As Bill Cosby once said, the first few poops are cute. Then, God puts smell in the poo-poo. This latter also got my husband to admit “oh my god, he IS my son!!” (causing me to double over laughing and pop a stitch in a very sensitive location - ouch!).

Some of my own wisdom: Learn to nurse lying down, in a position where you feel safe that the baby won’t get squashed. For the first few months, this was the only way I got any sleep at all (see above. Baby had precisely 3 modes: eating, screaming, and being driven in the car. Note that none of these involve sleeping in the crib).

The first “solid” food us Americans are told to add is rice cereal. This has roughly the same effect on their output as mixing in a spoonful of quick-setting concrete. Therefore, pureed prunes are a recommended second solid food.

This effect can also be offset by trying to encourage the baby to nurse so she’ll keep quiet while you’re on the phone with the guy who’s going to be your new boss when you go back to work.

However, when said baby is a bit older, and needs to poop while she’s in the highchair, the red face and grunting can be pretty damn funny.

Enjoy each stage of their lives. I know everyone says that, but it’s true. Infancy is such a special and short (in hindsight!! it seemed pretty interminable at the time) time of their lives, and they want to go off to college just 3 weeks later.

Yeah - if they have something distinctive, purchase spares as soon as you know what it is.
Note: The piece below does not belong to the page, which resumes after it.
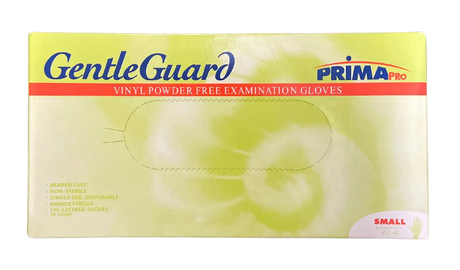 Box of GentleGuard Vinyl Powder-Free Examination Gloves by PrimaPro, featuring 100 disposable, non-sterile, ambidextrous gloves for medical or personal use.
And if you have any input on the process, offer things that can be washed without being destroyed.

Each of my kids chose a lovey at about age 16 months. For Dweezil, it was a stuffed bunny with a wind-up music box inside. Went everywhere with him. Bunny #1 bit the dust after 2 months when the tot was quite ill, and was holding Bunny when he barfed. Bunny was drenched and befouled. We quickly bought 2 spares (then later another one when they discontinued that model). All of them got washed at one point or another, which of course ruined the music box portion.

Moon Unit was given a Discover Toys (I think) stuffed doll with a rattle inside - which at age 16ish months became her lovey. We immediately bought spares of that one - and in fact swapped one out a year or two later when the rattle began to wear through the outer fabric. At least it was more easily washable. When the second one’s rattle began to wear through, she was too old for us to accomplish the swap without being noticed, and the fabric is too fragile to repair without destroying it. So, Moon Unit is 15, still has this ratty old thing in her room, and we have a brand new, still-in-wrapping, one somewhere.

These shenanigans have led to some funny stuff - like the time we’d gotten out a spare bunny because the current one was misplaced - then found it just as Dweezil came into the room with the one he was holding. To hide it, I slam-dunked the Bunny-clone into the nearest vessel - a soup pot on the stove. Fortunately the soup pot was empty!!

Yup. I have the video showing my daughter at 9 months sleeping soundly with an entire pipe band rehearsing 10 metres behind her, but if my stomach rumbled in the same room overnight? Wide awake!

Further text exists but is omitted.